Whether this will work or not remains to be seen, but this is very good news for those of us in the real estate and mortgage industries – as boom times will likely continue for another year at least.
This is also good news for investors in assets such as real estate and stocks, as massive Fed interventions like this tend to inflate asset prices like I alluded to in this recent blog about Asset Inflation.
In any case, it has been my observation that all this news about interest rates confuses many people so I wanted to discuss some key interest rates again.
KEY INTEREST RATES
- The Fed Funds Rate: Currently 0.0 to 0.25%
This is the rate that banks charge each other for overnight lending, and it is the one rate the Fed does have control over. The Fed Funds Rate was over 20% in the early 1980s and around 6% for much of the 1990s. The big reminder here is that the Fed Funds Rate is a short-term (overnight) rate only and it does not always influence long-term rates the way the Fed intends.
- Prime Rate: 3.25%
This is the rate that banks charge their most creditworthy customers, e.g. large corporations. It is also the index that most equity lines and credit cards are tied to. Prime Rate hit 20% in 1980 and was over 8% for much of the 1990s. Last year at this time, Prime Rate was 5.5%.

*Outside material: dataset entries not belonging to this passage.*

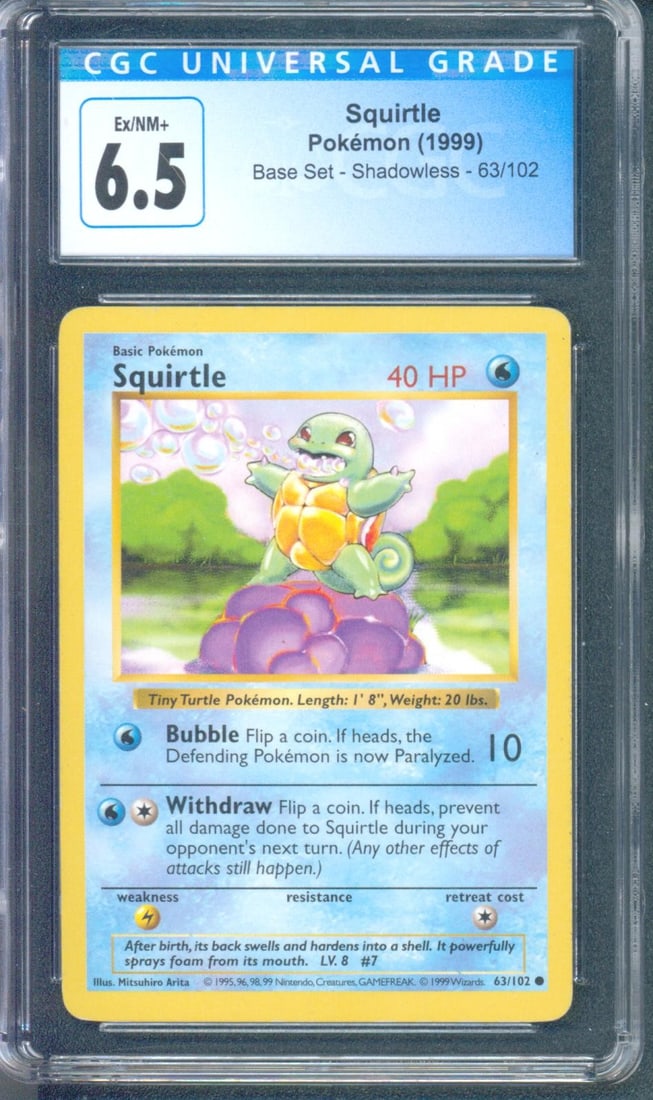 Squirtle #63 (Base Set Shadowless, 1999) CGC 6.5 (1 of 1)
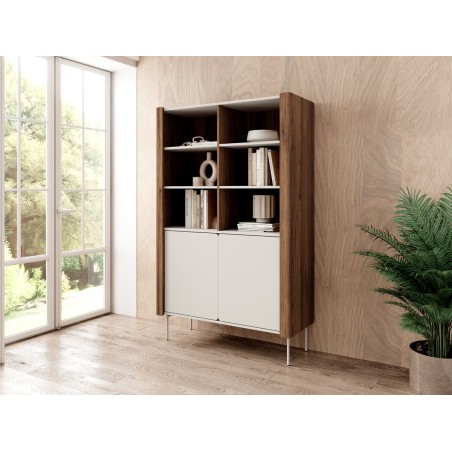 TWIGI Hochregal für Wohnzimmer, Fronten mit abgerundeten Kanten, Metallfüße, Warmia Nussbaum / Kaschmir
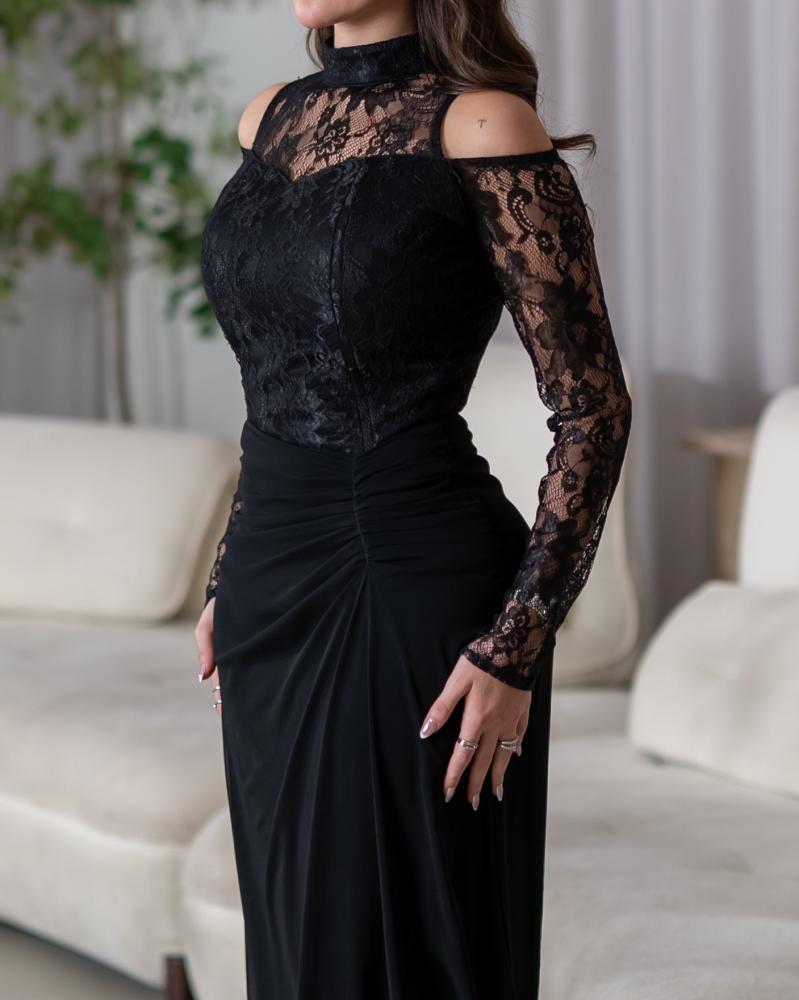 Evening dress, material lace with chiffon, length 58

- 10 Year Treasury Yield: 0.7-ish%
This is the yield that the Federal Government has to pay investors to get them to buy its Ten Year Treasury Bonds, or the bonds the government sells in order to borrow money to finance debt. This yield has been bouncing between 0.55% and 0.9% over the last few months. Last year at this time the Yield was around 2.3%. The big reminder here is that the typical difference/spread between the 10 Year Treasury Yield and 30-Year Mortgage Rates was around 1.5% for years, but lately that spread has climbed to over 2%. It has, however, been narrowing in recent weeks indicating that rates may fall further.
- 30-Year Fixed-Rate Mortgage: 2.75%*
30-Year Mortgage Rates hit an all-time low today, as I have never quoted 2.75% for a 20% down, conforming loan financed purchase scenario. The HUGE REMINDER HERE though is there is no “one mortgage rate,” as many factors influence every rate we quote. These factors include credit score, property type, lock period, down payment %, etc. I blogged about the “Twelve Factors That Impact Your Mortgage Rate” here.
The Fed Controls Short-Term Rates: The Fed will try to keep rates down but b/c it can only control short-term rates, they may not be entirely successful. So I expect a lot more surprises and volatility.
NOTE: The Fed can directly influence long-term rates by buying up treasury bonds, mortgages, and corporate debt like it is doing now, but it can’t go on indefinitely.
All Rates Are Not the Same: The four interest rates I discuss above are obviously not the same, and they do not always move in lockstep.
No One Mortgage Rate: Mortgage rates have hit record lows again, but it is important to remember that there is no “one” mortgage rate. The rates we quote vary by over 1% every day b/c of all the factors I reference above.